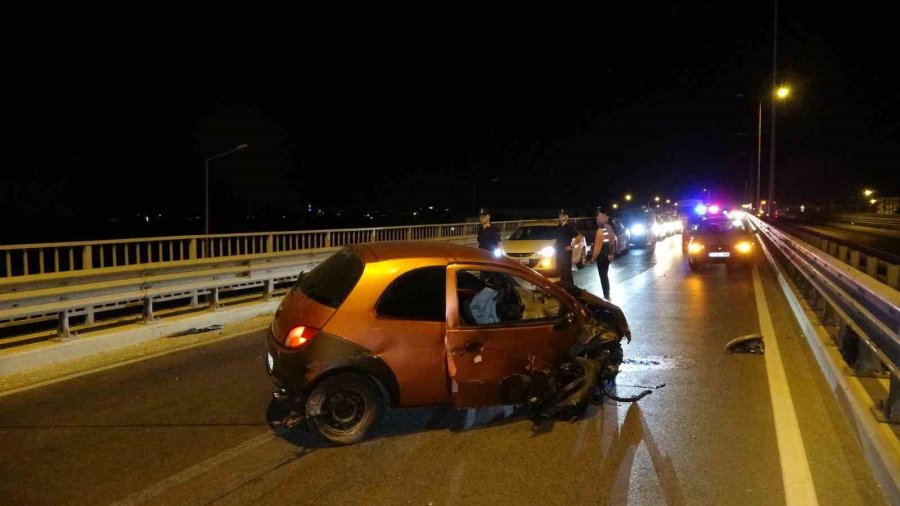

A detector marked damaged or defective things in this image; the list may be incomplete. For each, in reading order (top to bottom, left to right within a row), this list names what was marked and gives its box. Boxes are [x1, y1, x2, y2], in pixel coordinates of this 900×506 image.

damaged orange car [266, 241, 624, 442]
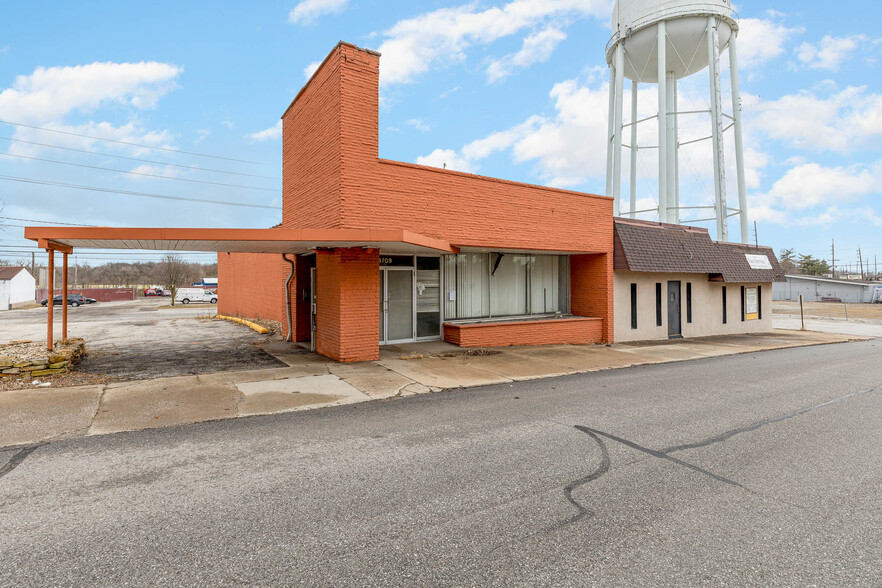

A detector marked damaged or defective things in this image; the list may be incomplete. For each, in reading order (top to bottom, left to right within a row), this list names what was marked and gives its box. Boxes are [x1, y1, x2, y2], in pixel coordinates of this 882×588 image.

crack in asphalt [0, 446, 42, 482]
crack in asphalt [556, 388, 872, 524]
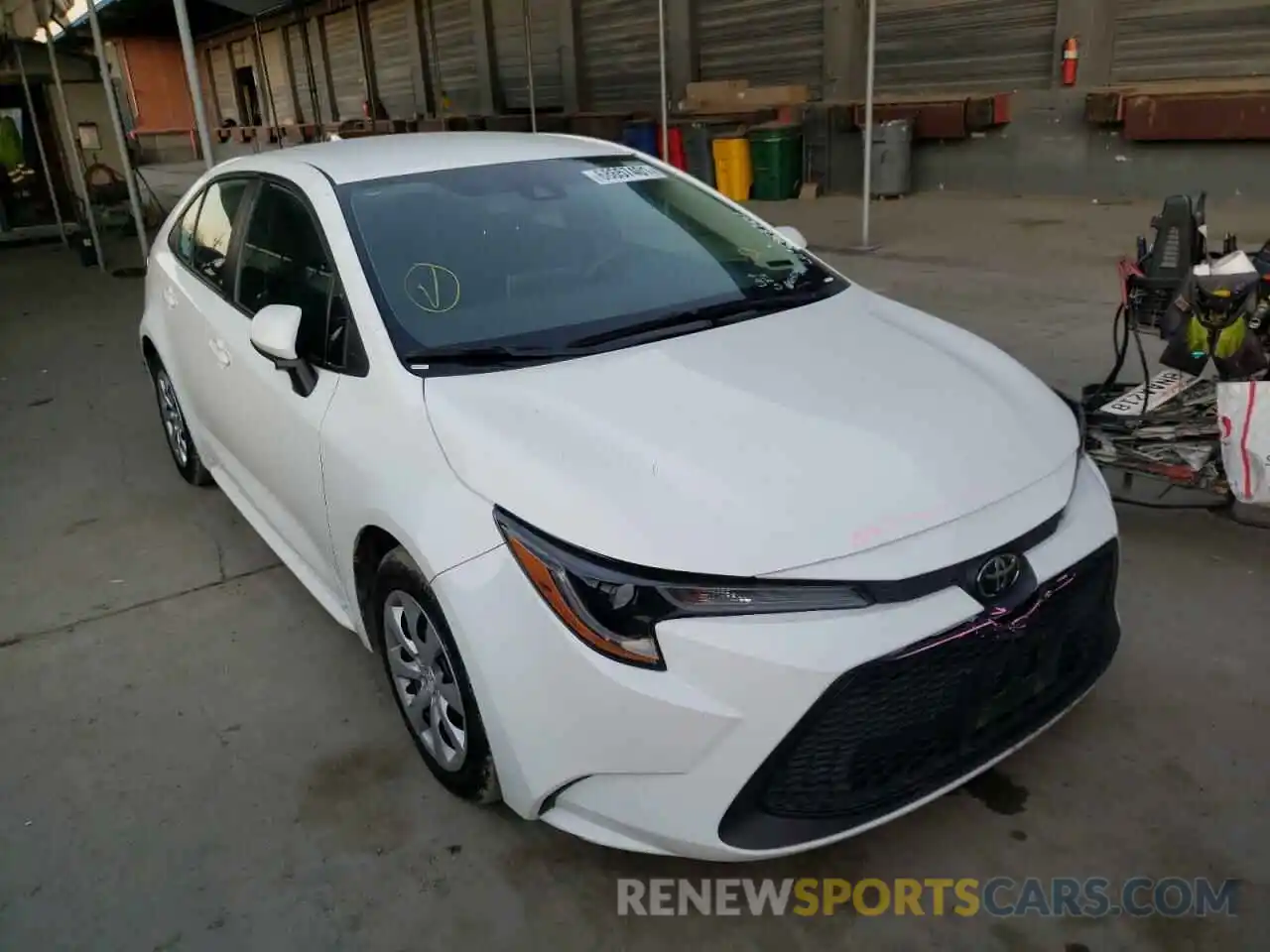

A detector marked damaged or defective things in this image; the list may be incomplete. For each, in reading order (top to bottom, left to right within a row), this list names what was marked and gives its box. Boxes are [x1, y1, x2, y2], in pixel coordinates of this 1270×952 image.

════════

● WHAT YOU SHOULD DO
The records above need to be restated word for word, with the pictures left out.

● OUTPUT BELOW
A detector marked damaged or defective things in this image; the list may be incomplete. For each, in reading order (top to bottom, left to right within a row), this list names what was marked and gives its box. Boxes are [x1, y1, x2, y2], in pixel coordinates of this 900×506 image.

damaged orange car [266, 241, 624, 442]

A detector marked damaged or defective things in this image; the list may be incomplete. For each, in reading order (top to bottom, left to right within a row), this list names what was marked and gives its box. Boxes are [x1, y1, x2, y2], in pixel coordinates of this 882×588 image.

crack in asphalt [0, 446, 42, 482]
crack in asphalt [556, 388, 872, 524]

A detector marked damaged or defective things in this image; the list may be incomplete. For each, in reading order (top to bottom, left to right within a row), this list names what was marked and gives its box. Boxes are [x1, y1, x2, y2], in pixel coordinates of this 1270×952 image.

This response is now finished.